INPUT MATERIAL:
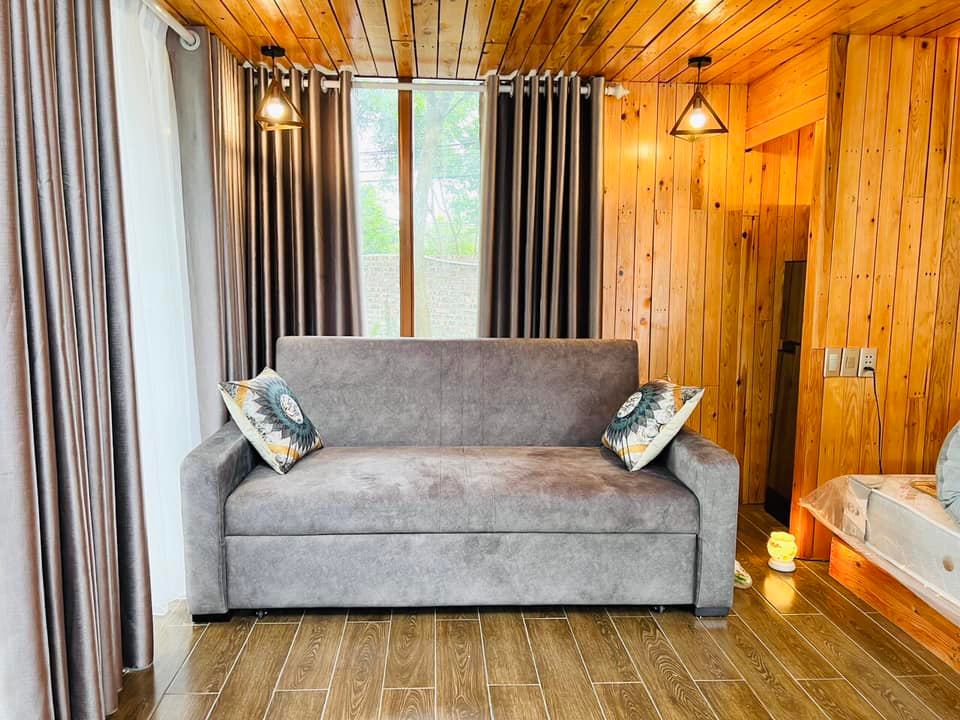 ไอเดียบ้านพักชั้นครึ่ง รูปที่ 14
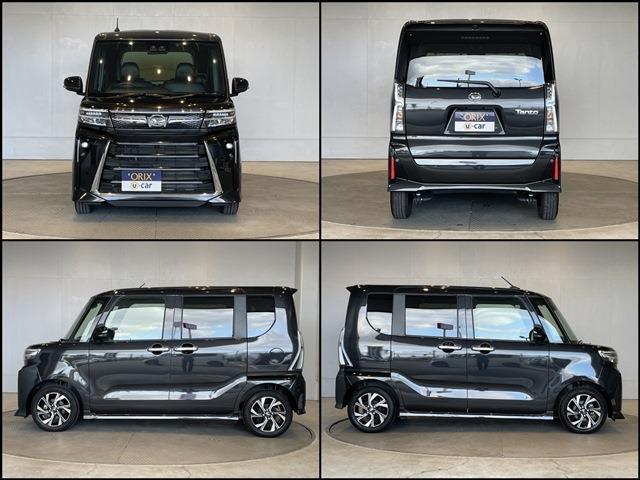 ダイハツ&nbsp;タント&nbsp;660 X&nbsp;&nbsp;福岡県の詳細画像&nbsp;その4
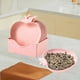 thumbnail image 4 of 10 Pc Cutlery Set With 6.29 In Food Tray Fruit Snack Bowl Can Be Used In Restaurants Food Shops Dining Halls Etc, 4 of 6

==

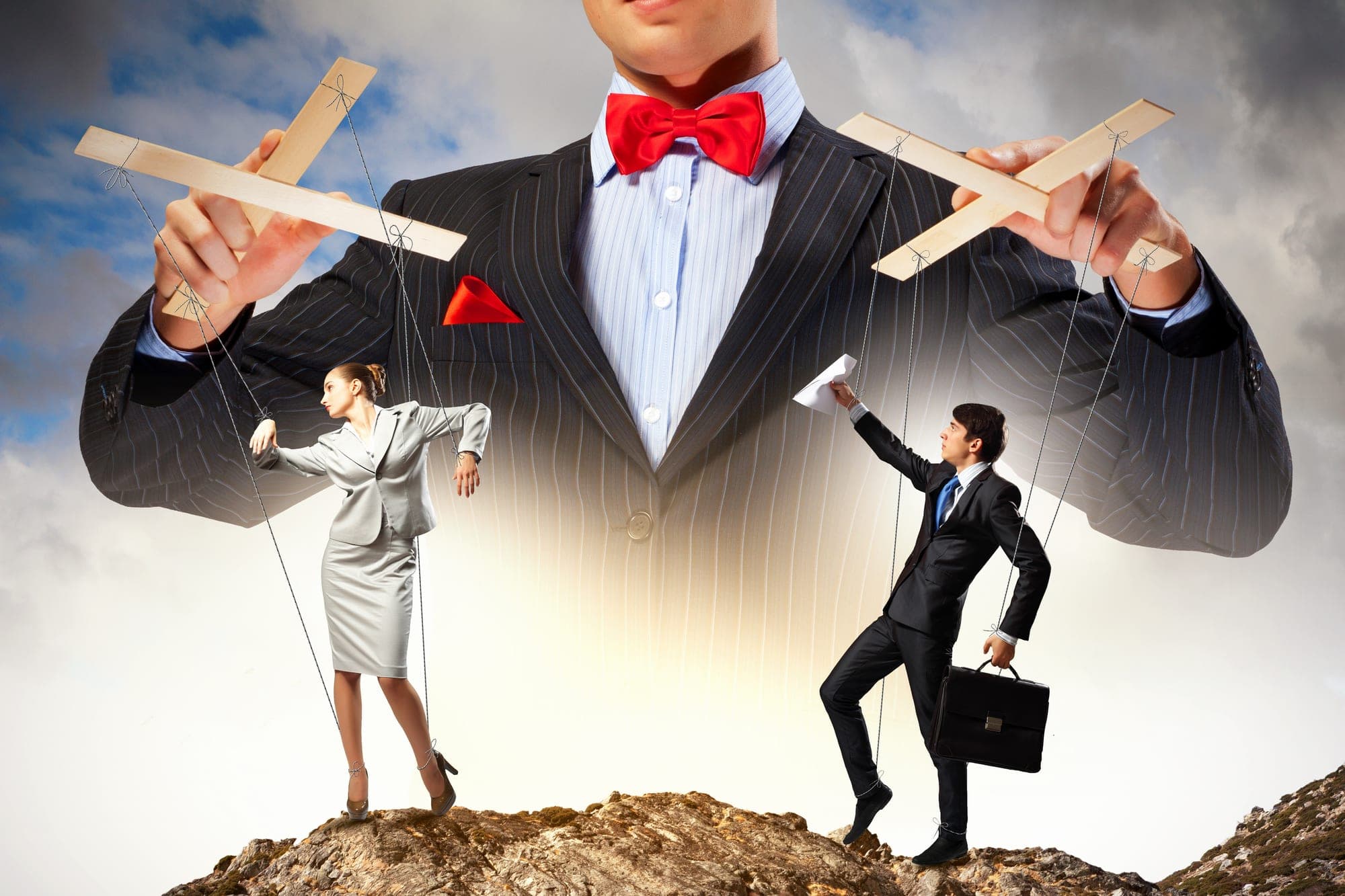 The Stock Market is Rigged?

ABOUT THIS TASK: What you write out is the stretch of entries from the line containing "ไอเดียบ้านพักชั้นครึ่ง รูปที่ 14" to the line containing "thumbnail image 4", word for word, with both end lines and no pictures.

RESPONSE BOX:
 ไอเดียบ้านพักชั้นครึ่ง รูปที่ 14
 ダイハツ&nbsp;タント&nbsp;660 X&nbsp;&nbsp;福岡県の詳細画像&nbsp;その4
 thumbnail image 4 of 10 Pc Cutlery Set With 6.29 In Food Tray Fruit Snack Bowl Can Be Used In Restaurants Food Shops Dining Halls Etc, 4 of 6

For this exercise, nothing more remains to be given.